Scheidungsgerichte könnten aufgefordert werden, um zu entscheiden, ob ein Kind aus einer zerrütteten Ehe „katholisch“ oder „protestantisch“ aufwachsen soll. Niemand hat je ein Scheidungsgericht gebeten, ob ein Kind mit „Fußball“ oder  „Rugby“, als „Ornithologe“ oder „Briefmarkensammler“, „liberal“ oder „ konservativ“; „Macintosh“ oder „Windows“ aufwachsen soll.

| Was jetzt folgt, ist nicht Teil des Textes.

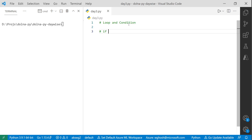What happens when the if condition doesn't fulfill — meaning the student is not studying in standard 8? Then we provide something called 'else'. So the combination is if-else. Let's see how that syntactically looks like.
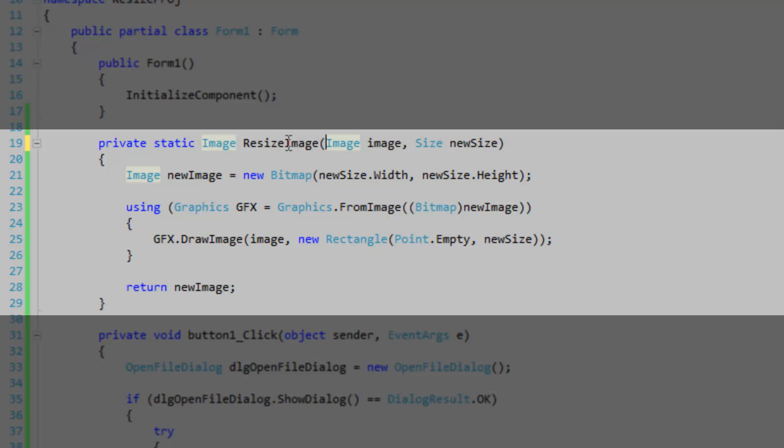So this resize method accepts an image. This will be the image that is to be resized, so the source. And then the new size of the image that is to be outputted. The output is returned in the method.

Feministinnen haben erfolgreich unser Bewusstsein für geschlechtlich voreingenommene Sprache erweitert. Niemand spricht heutzutage über „one man one vote“ für Wahlgleichheit oder „the rights of man“ für Rechte des Menschen. Der Einsatz von „man“ (Mann) in einem solchen Kontext lässt einen sofort die Haare zu Berge stehen. Selbst diejenigen, die bewusst sexistische Sprache verwenden, wissen, dass sie es tun, vielleicht tun sie es sogar um bewusst zu ärgern. Der Punkt ist, dass unser Bewusstsein erweitert wurde. Unsere Sprache hat sich verändert, weil wir uns der versteckten Annahmen bewusst geworden sind, die wir zuvor übersehen haben.

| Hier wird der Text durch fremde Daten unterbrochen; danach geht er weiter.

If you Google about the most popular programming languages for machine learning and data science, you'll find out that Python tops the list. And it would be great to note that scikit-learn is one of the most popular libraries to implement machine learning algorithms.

Lassen Sie uns alle unser Bewusstsein und das Bewusstsein der Gesellschaft über die religiöse Kennzeichnung von Kindern erweitern. Lassen Sie uns alle auf unsere religiöse Sprache achten, so wie wir es gelernt haben, sexistische Sprache zu überwinden. „Katholiken Kind“, „Muslimen Kind“, „Hindu-Kind“, „Mormonen Kind" - alle diese Ausdrücke sollten uns erschaudern lassen. Immer, wenn Sie jemand von einem „katholischen Kind“ sprechen hören, sollten sie ihm Einhalt gebieten: So etwas wie ein katholisches Kind gibt es nicht. Möchten Sie von einem „postmodernistischen Kind“ oder „Bundesstaaten Rechte Kind“ sprechen? Was Sie sagen wollten war, ein „Kind katholischer Eltern“. Und das gleiche gilt für „muslimisches“ Kind etc.

Wenn ihnen nichts ins Auge gesprungen ist, als sie das Zitat des Pressesprechers des Islington Rats das erste Mal gelesen haben, tun Sie es bitte noch einmal. Ist Ihr Bewusstsein nun erweitert?